Finding communities on graphs

Albert De La Fuente Vigliotti

Some months before I had to import a quite big list of use cases, relationships and requirements data into Enterprise Architect for a project. Of course I didn’t do that manually, so I made a hack to do that automatically. Recently I had a new task to accomplish, to split into groups that use case list by their relationships, and once again I thought about doing it automatically since I already have the data structures available and then, I decided: let’s play a little bit with the data 8-).

Since I’m not very familiarized with the use case data itself I looked up for a way on how to apply for the same concepts on other areas, and then I came up making some experiments with my Facebook and LinkedIn networks. I learned many things and the results were really interesting.

I first started with my Facebook contacts and this was the initial result

Afterward I applied a community detection algorithm (Louvain) with a specific parameter and I could identify 63 groups / communities.
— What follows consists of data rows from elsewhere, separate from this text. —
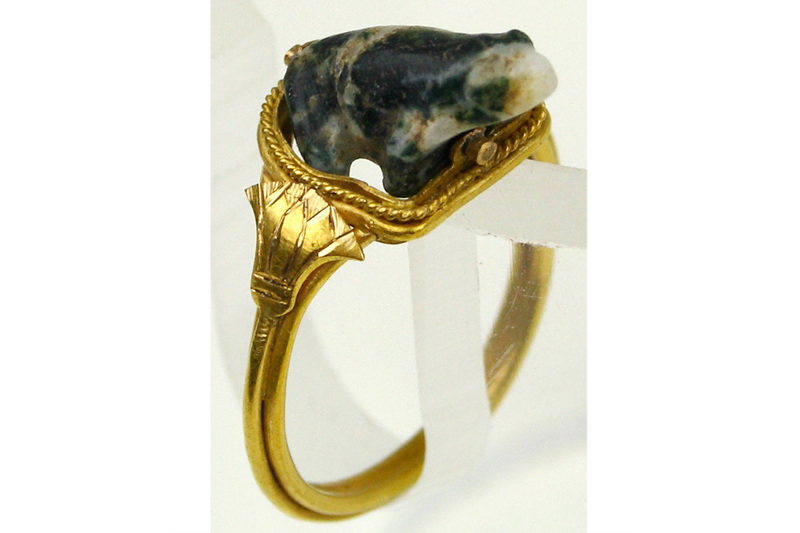 Content_omes000206_2_-_kopia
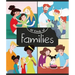 All Kinds of Families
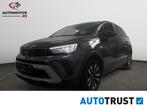Opel Crossland 1.2 Turbo 110 pk | Elegance | 2024 | Trekhaak, Gebruikt, 1199 cc, Origineel Nederlands, Bedrijf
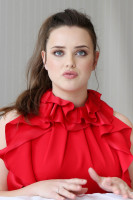photo 22 in Katherine Langford gallery [id1020467] 2018-03-14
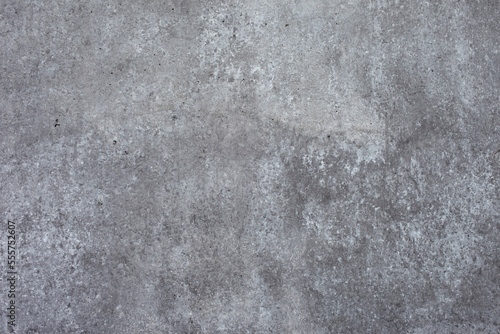 Close-up of Concrete Wall photo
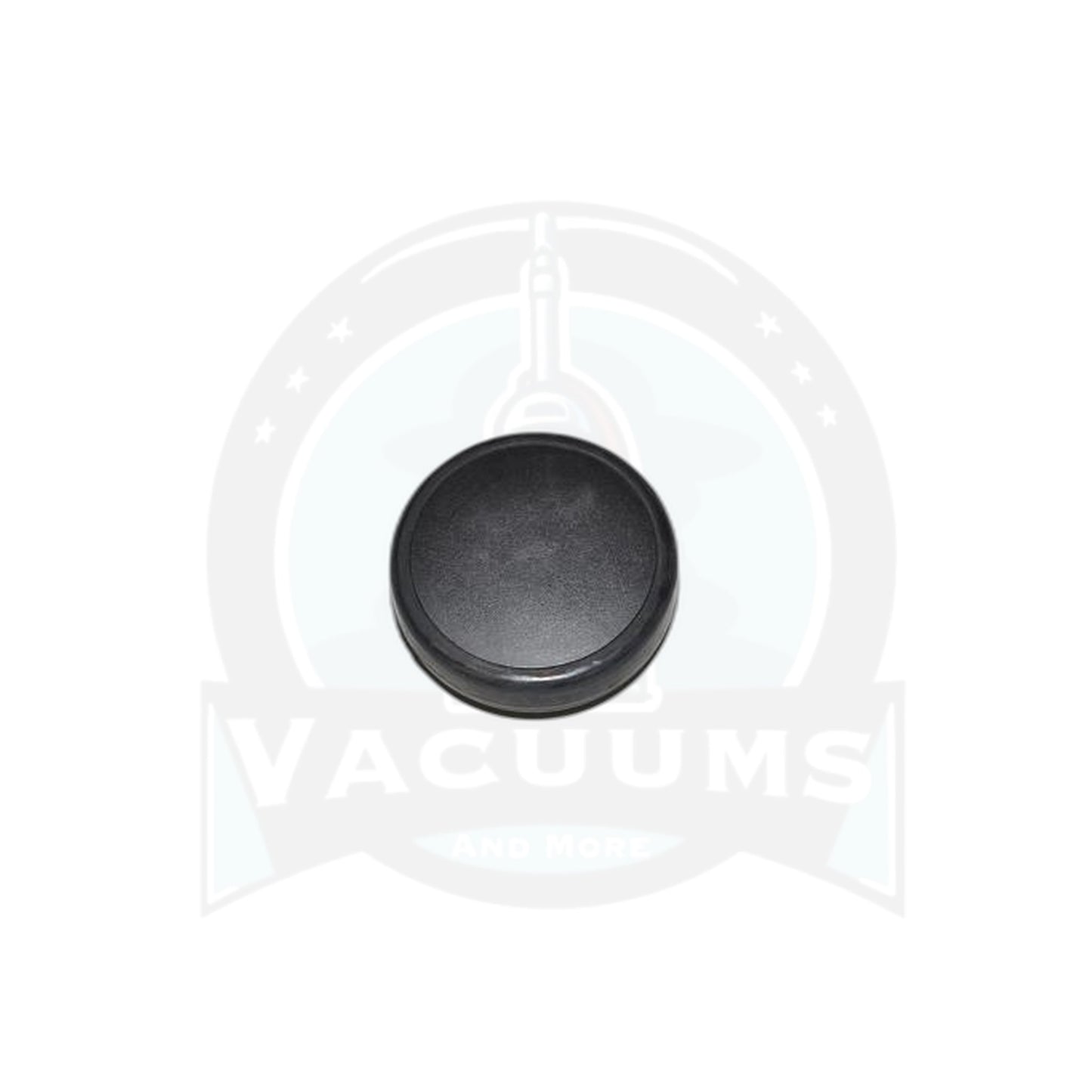 Rear Wheel - Beam / Electrolux Q100, BM Series Power Nozzle (2 3/4" Diameter) - Beam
Can you see them? Well… neither do I… So I applied a atlas layout algorithm so it’s visually friendly, and this is the result

It’s interesting to notice that about 46% of my contacts are within the three biggest groups (20.77%, 14.46% and 12.52%). There are also contacts (that multicolored group in the middle) that I couldn’t retrieve their connections (probably because a privacy setting). Of course the graphics generated are anonymized, but I’m able to identify each group, for instance the bottom middle blue group are my last job work European colleagues. The top right cyan group are some friends from FLOSS communities. Pretty cool, huh?

On the other hand getting the Linkedin results wasn’t that straightforward I had to deal with oauth and the LinkedIn API webservice directly within python. This are the results of my LinkedIn network.

Some notable groups at first were: bottom left cyan group are again my last work European colleagues, and green my last work Latin America colleagues.

Conclusions #

This is an amazingly powerful analytics tool that could be used in many areas, probably the most notable (nowadays) are marketing and social networking. At the same time it’s quite scary to see how our privacy goes away, I don’t think it would be hard to track somebody having the right information. If I could do this by just examining the relationships imagine what could be possible with some extra data.